Barcode: 0749677144029

Format: CD

Number of Discs: 1

Genre: Orchestral

Release Date: 3rd November 2008

Gramophone Editor's Choice

Contents

About

1958 was a red-letter year not only in music competition history but in the entire history of performance. In that year the USSR established the first International Tchaikovsky Competition as a showcase for its own imperial talent. Once again the USSR would demonstrate that in the sphere of great romantic piano playing (one extending from Anton Rubinstein to Richter and Gilels) they had no equals. Summoning the finest pianists and jurors they prepared for a foregone victory followed by international acclaim. But neither they nor anyone else could have expected the gauntlet thrown down by a twenty-four-year-old 6’ 4’’ blond Texan pianist called Van Cliburn. Viewed with suspicion, Cliburn’s nationality invited hostility. This was the time of the cold war and the very real possiblity of a nuclear Armageddon as the USSR and America viewed each other across a seemingly unbridgeable chasm. Pre-conceived notions of American, Juilliard-trained pianists were in the air, of a crew-cut school expressed in broken-glass sound. So that Cliburn’s performances, characterised by broad tempi, rare poetic rhapsody and freedom captured in massive and delicate tone, came like a bolt out of the blue. All possible animosity turned to awe and amazement as Cliburn’s outsize audience listened to a pianist ‘more Russian than the Russians’, one who played their own music with a rare emotional warmth and charisma. Suddenly Cliburn, an outsider from alien territory, became their beloved ‘Vanushka’, the stage and dressing-room littered with gifts and flowers. Cliburn arrived in Moscow with three suitcases and left with seventeen.
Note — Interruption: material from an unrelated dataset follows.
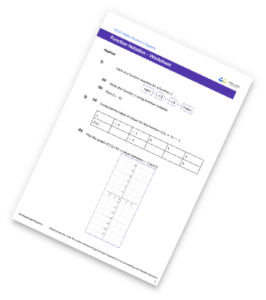 Algebra Worksheets - GCSE Maths [FREE] - Third Space Learning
Later, when both jury and audience had recovered, their comments came thick and fast and this Testament release will surely re-ignite not a controversy but a unique triumph and occasion. Sviatoslav Richter, happily oblivious to competition protocol, gave Cliburn a hundred marks, his competitors zero, remarking, ‘he is a pianist, the others are not’. Shostakovich joined in the chorus of praise and Irina Zaritskaya (herself a major prize-winner, taking second place to Maurizio Pollini in the 1960 Chopin Competition in Warsaw) spoke with a special eloquence of Cliburn’s unique quality. “For we Russians his way with Tchaikovsky and Rachmaninov in particular was uncanny. Such grandeur, romantic warmth and empathy. He came close to sentimentality, but he never quite crossed the line. His playing had an extraordinary nobility. You can’t even imagine the furore he caused and his playing is still endlessly discussed in Russia today.”